* **Dataset extract**:
* * * *
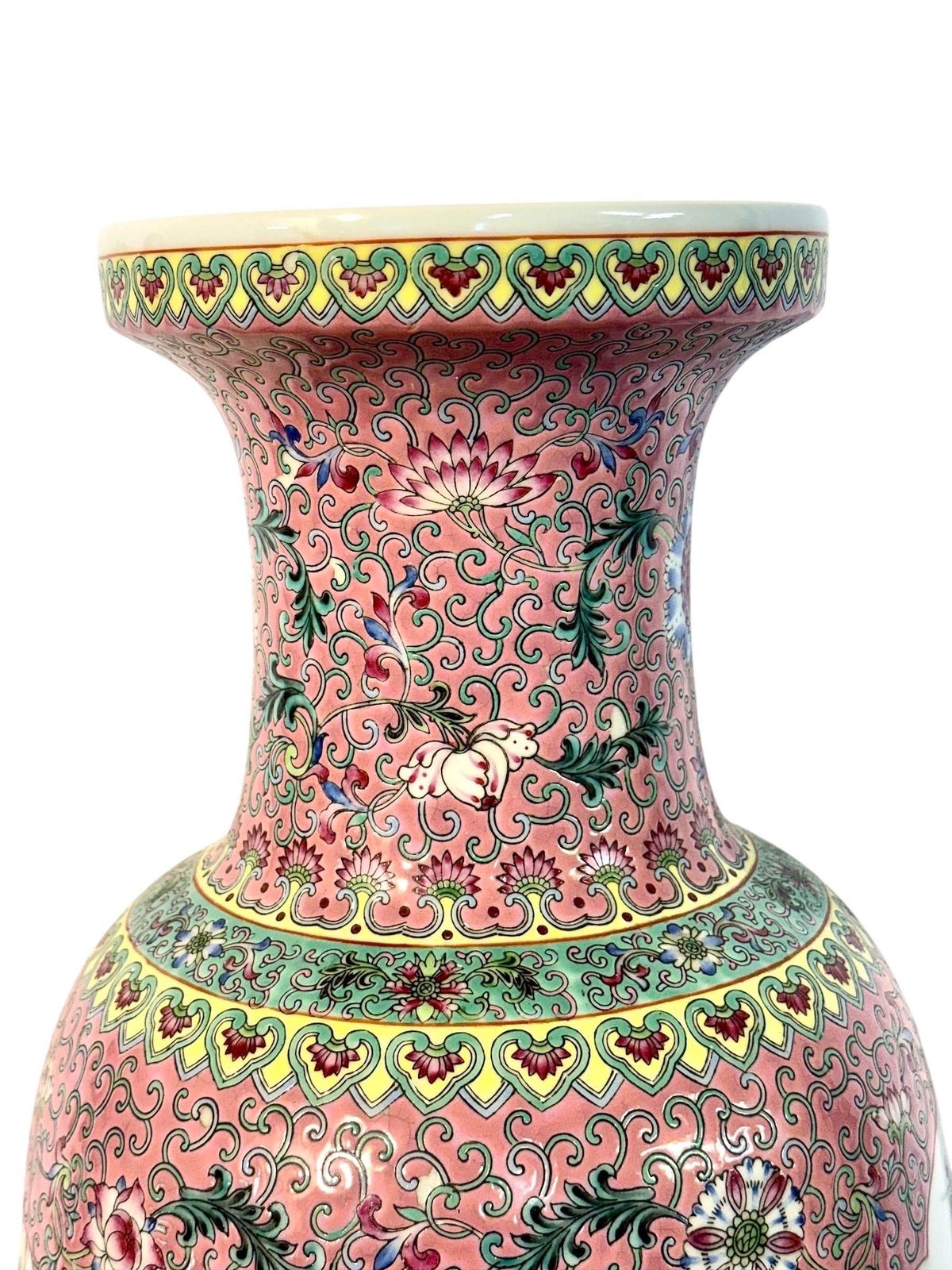 Large Chinese Famille Rose Porcelain Vase With Peacocks photo buy
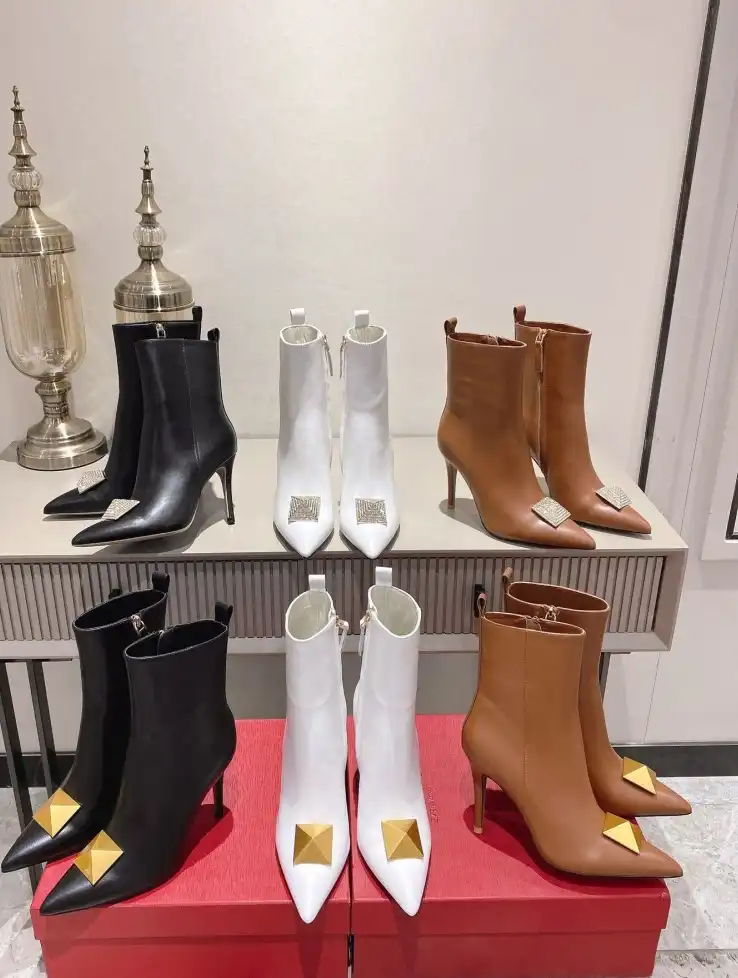 hype Valentino Boots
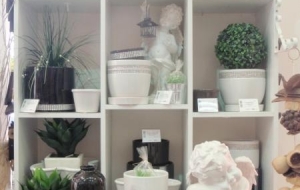 Красный Куб фотография интерьера магазина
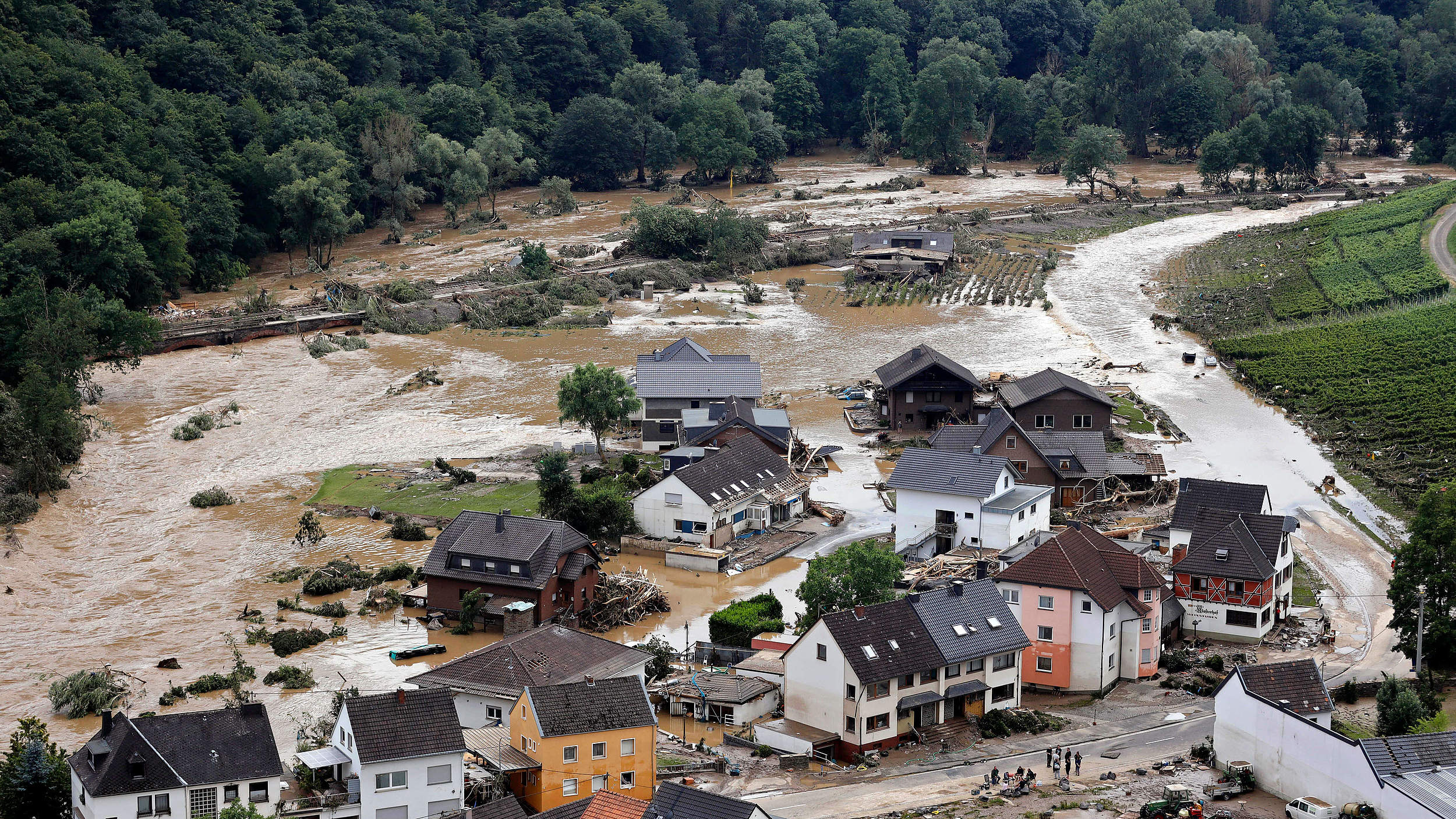 Überflutete Häuser in der Eifel © imago images / future image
* * * *
* **What is being asked**: Without altering anything, output all the lines above but none of the images.

* **Solved problem**:
 Large Chinese Famille Rose Porcelain Vase With Peacocks photo buy
 hype Valentino Boots
 Красный Куб фотография интерьера магазина
 Überflutete Häuser in der Eifel © imago images / future image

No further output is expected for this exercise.